_What is expected:_
Copy the entries exactly, through the "Кішка Wandregale (стійка)" line.

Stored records
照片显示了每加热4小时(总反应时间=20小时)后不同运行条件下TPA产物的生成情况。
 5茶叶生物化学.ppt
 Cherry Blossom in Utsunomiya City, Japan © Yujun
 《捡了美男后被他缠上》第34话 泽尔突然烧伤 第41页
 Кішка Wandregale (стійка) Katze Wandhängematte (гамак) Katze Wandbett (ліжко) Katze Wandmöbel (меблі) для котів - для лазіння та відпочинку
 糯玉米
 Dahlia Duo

_Response box:_
照片显示了每加热4小时(总反应时间=20小时)后不同运行条件下TPA产物的生成情况。
 5茶叶生物化学.ppt
 Cherry Blossom in Utsunomiya City, Japan © Yujun
 《捡了美男后被他缠上》第34话 泽尔突然烧伤 第41页
 Кішка Wandregale (стійка) Katze Wandhängematte (гамак) Katze Wandbett (ліжко) Katze Wandmöbel (меблі) для котів - для лазіння та відпочинку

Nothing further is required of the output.